If we know that behavior is learned from the environment through the process of observational learning (Bandura, 1977), why we do not provide equal education to a Future girl? By giving a Future girl an opportunity to study, the number of early marriages, abortions, pregnancies may decrease. Looking to the numbers of the Office for National Statistics (ONS) in London, “Women who don’t go to university are having children at much the same age as their mothers and grandmothers did” (DailyMailUK, 2012). Structural barriers including lack of access to educational institution may prevent a Future girl to empower herself by seeing role models in the field of her interests and thus hinder her ability to achieve higher goals.
Harris discussed different challenges that a young girl may face during her development. One of them pertains to barriers stemming from racial and ethnic group membership. Different color of skin might stop a young girl to reach her goal, feel vulnerable and socially isolated. For instance, because of systemic race and gender discrimination, African American girls are often stereotyped before they even enter a school building, and this affects their self-perceptions and self-esteem as well as the perceptions of their teachers (Blake, Butler & Smith, 2009).
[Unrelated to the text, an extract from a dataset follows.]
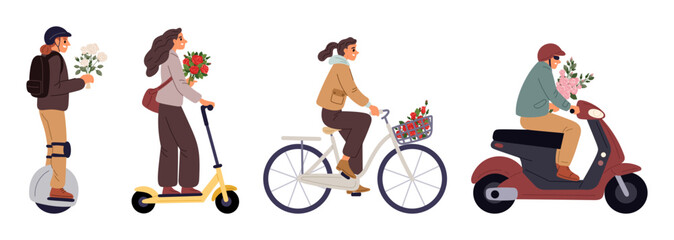 Couriers from flower delivery service ride monowheels, scooters, bicycles and mopeds. Deliveryman carries bouquets to customers. City transportation. Blossoms order. Vector delivers set © VectorBum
If we know the race and ethnicity play a role in a Future girl self-esteem, why we do not create conditions to address racial/ethnic bias and intolerance in the education system?
Socioeconomic status also plays a significant role in developing a Future girl. Income has been found to be logarithmically associated with brain surface area, “for every dollar in increased income, the increase in children’s brain surface area was proportionally greater to the lower end of the family income spectrum” (Noble et al., 2015; p.5). Th researchers claimed that childhood socioeconomic status (SES) characterized by parental educational attainment, occupation and income, is associated with early experiences that are important for cognitive development. Parental education and family income account for individual variation in independent characteristics of brain structural development in regions that are critical for the development of language, executive functions and memory. In fact, low income might decrease self-esteem during the educational process. Low-income families may have limited access to resources to promote school development, educate children basic skills such as financial literacy, social responsibility and others. If we know all of these factors, why we do not provide external support to a girl such as free extra curriculum courses on self-care, or financial literacy in schools?
The unlimited choices are visible, but in reality, the idea of “unlimited choices” is very blurred. Being a Future girl with own voice is not prestigious since most of the times, a girl should go against the wave of social norms or traditional gender roles, break stereotypes and be confident in her choices. It is very important to understand that developing Can-do Girls’ philosophy, eliminations of circumstances and their causes are necessary to create a just society. Since internal factors such as family structure or parental support link to external aspects such as level of confidence, curiosity and ability to develop leadership skills, the society should recognize the importance of raising a Future girl. The community that raises girls should understand that giving a girl Future may change her life as well as lives of the next generation that come forward.